WORK TO COMPLETE:
Return the data below exactly, but only from the line containing "A neatly made" through the line containing "Man uses ATV", with both of those lines included.

== RECORD SET

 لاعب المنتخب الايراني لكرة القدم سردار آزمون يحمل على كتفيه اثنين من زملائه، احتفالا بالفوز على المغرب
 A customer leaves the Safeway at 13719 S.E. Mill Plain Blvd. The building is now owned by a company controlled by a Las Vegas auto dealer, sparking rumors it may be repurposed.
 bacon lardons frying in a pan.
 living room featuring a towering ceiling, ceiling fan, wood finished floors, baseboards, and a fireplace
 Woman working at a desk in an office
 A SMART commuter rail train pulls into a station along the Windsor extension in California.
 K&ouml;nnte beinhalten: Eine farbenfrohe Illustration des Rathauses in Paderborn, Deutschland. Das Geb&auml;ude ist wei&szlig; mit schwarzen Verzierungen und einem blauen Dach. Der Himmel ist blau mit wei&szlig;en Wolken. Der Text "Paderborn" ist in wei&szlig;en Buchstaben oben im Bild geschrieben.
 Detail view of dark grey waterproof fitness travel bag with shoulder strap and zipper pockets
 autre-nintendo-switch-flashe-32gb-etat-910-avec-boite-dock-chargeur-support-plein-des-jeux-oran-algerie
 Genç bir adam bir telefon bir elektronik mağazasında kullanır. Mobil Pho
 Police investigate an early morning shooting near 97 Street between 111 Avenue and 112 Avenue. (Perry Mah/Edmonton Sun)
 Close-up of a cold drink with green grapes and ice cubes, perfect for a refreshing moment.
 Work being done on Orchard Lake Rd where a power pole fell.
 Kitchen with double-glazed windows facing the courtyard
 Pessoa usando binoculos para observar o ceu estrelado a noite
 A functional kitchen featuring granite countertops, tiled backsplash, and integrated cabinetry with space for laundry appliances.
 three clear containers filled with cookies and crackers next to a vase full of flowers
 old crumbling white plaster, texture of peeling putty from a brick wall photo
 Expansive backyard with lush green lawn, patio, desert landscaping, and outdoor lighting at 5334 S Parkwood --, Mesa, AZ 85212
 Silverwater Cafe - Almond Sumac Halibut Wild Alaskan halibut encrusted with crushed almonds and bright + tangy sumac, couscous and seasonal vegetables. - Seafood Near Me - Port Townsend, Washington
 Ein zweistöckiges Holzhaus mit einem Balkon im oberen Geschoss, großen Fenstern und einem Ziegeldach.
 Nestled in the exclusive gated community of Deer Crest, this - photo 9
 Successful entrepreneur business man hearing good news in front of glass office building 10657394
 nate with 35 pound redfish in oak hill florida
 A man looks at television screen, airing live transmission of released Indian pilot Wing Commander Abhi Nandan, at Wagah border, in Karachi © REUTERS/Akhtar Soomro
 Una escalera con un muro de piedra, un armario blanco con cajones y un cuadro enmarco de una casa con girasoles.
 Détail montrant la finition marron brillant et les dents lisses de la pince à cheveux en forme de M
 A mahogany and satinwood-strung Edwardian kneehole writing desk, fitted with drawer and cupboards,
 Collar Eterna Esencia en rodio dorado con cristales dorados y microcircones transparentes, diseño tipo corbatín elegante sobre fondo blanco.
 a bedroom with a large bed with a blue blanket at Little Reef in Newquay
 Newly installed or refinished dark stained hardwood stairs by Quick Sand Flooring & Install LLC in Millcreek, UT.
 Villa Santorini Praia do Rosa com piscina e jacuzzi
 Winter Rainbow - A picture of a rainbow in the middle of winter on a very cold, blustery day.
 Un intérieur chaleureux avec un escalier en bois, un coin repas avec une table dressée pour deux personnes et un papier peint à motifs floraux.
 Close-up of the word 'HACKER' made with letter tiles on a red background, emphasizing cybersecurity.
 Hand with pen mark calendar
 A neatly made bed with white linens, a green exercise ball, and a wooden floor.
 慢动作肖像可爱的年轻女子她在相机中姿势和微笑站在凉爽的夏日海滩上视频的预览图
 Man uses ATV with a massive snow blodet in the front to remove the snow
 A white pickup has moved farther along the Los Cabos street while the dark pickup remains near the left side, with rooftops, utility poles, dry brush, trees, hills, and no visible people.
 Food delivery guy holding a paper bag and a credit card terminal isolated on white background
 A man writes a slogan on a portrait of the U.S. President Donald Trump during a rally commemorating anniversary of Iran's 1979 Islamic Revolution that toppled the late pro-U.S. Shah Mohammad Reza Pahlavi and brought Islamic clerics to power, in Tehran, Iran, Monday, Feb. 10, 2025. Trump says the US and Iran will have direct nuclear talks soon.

====

PROBLEM SOLUTION:
 A neatly made bed with white linens, a green exercise ball, and a wooden floor.
 慢动作肖像可爱的年轻女子她在相机中姿势和微笑站在凉爽的夏日海滩上视频的预览图
 Man uses ATV with a massive snow blodet in the front to remove the snow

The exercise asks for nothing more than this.